Alaska Congressman Dies at 88

Representative Don Young (R., Alaska) takes a Zoom call at his desk, June 2020. (Wikimedia Commons)

Representative Don Young (R., Alaska), the longest serving member of the current Congress, died on Friday at the age of 88, his office said in a statement.

“It’s with heavy hearts and deep sadness that we announce Congressman Don Young (R-AK), the Dean of the House and revered champion for Alaska, passed away today while traveling home to Alaska to be with the state and people that he loved,” the statement said. “His beloved wife Anne was by his side.”

Young was the dean of the House, the most senior member of either party, and was reelected in 2020 to serve his 25th term. He was running for a 26th. Asked in 2020 how long he planned to serve, Young told the New York Times

He served on the House Natural Resources and House Transportation and Infrastructure committees during the current Congress.

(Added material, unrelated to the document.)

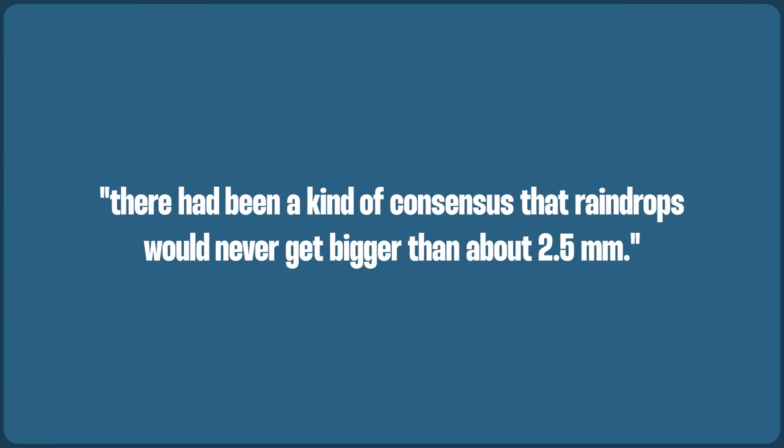That said, scientists began recording significantly larger drops in the 1980s while studying clouds. For instance, in 1986, cloud physicists using lasers recorded raindrops as large as 8 millimeters in a tropical storm over Hawaii, which was shocking since at the time there had been a kind of consensus that raindrops would never get bigger than about 2.5 millimeters. Even factoring in that these large drops were buffeted about in the clouds instead of falling to the earth, the scientists were surprised to find that they could last long enough to grow that big without being broken apart. During that early research in Hawaii, they found that the average lifespan of a 5 millimeter drop was around a remarkable 20 minutes.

His office described him as a “fierce defender of Alaska,” adding, “from the Trans-Alaska pipeline, to the Ketchikan Shipyard, to the Magnuson Stevens Act, which transformed the American fishing industry, to the numerous land exchanges he fought for, Don Young’s legacy cannot be overstated.”

Young first entered politics when he was elected mayor of Fort Yukon, Alaska in 1964. He later served four years in the Alaska House and three years in the state Senate.

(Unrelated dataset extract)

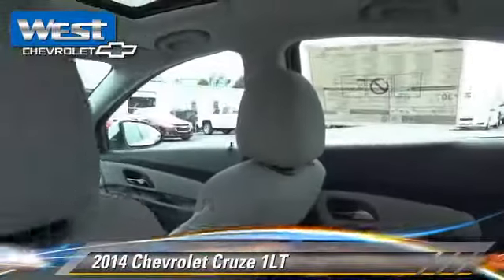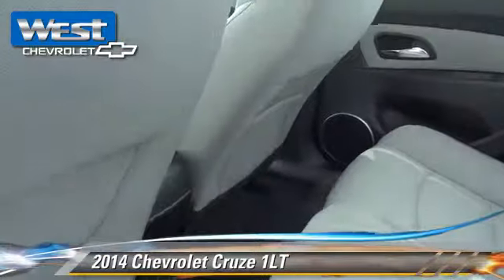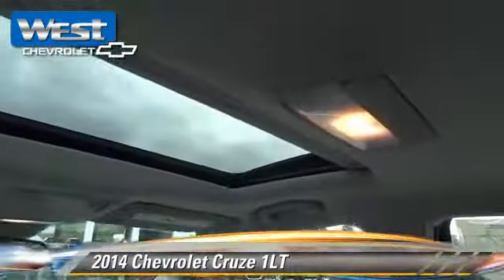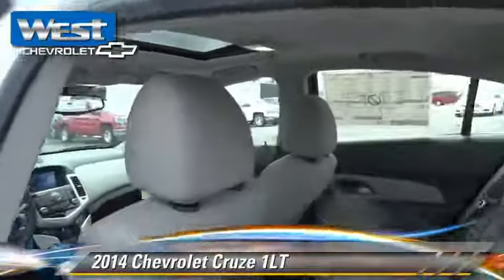Comfort and convenience features include Bluetooth wireless, navigation system, and satellite radio. Give us a call to schedule your test drive today.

He was elected to the U.S. House of Representatives in a special election in 1973.

Senator Lisa Murkowski (R., Alaska) said in a statement: “Alaskans are devastated by this shocking and sad news and I am saddened beyond belief about the loss of my friend. We have lost a giant who we loved dearly and who held Alaska in his heart—always.”

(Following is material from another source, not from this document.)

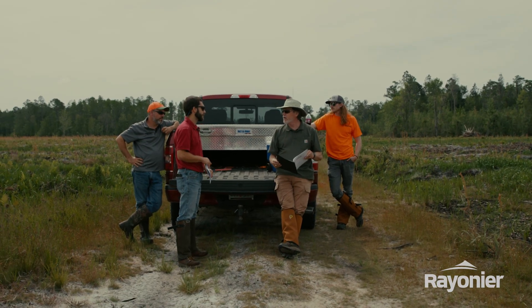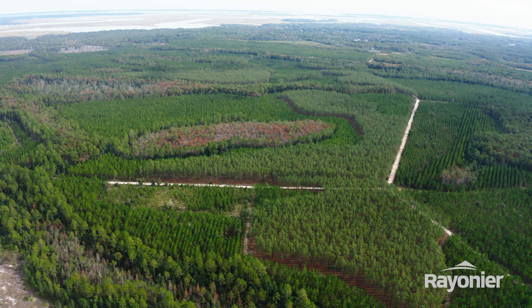I'm very proud of the stewardship that our people demonstrate in the land that we manage.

House Speaker Nancy Pelosi (D., Calif.) called Young “a dedicated patriot and public servant.”

“For five decades, he was an institution in the hallowed halls of Congress: a serious legislator always bringing people together to do the People’s work,” she said. “The photographs of him with ten presidents of both parties who signed his bills into law that proudly cover the walls of his Rayburn office are a testament to his longevity and his legislative mastery.”

The congressman’s office said it will share additional information about plans for a “celebration of his life and legacy” soon.

Young is survived by his wife Anne and his two children.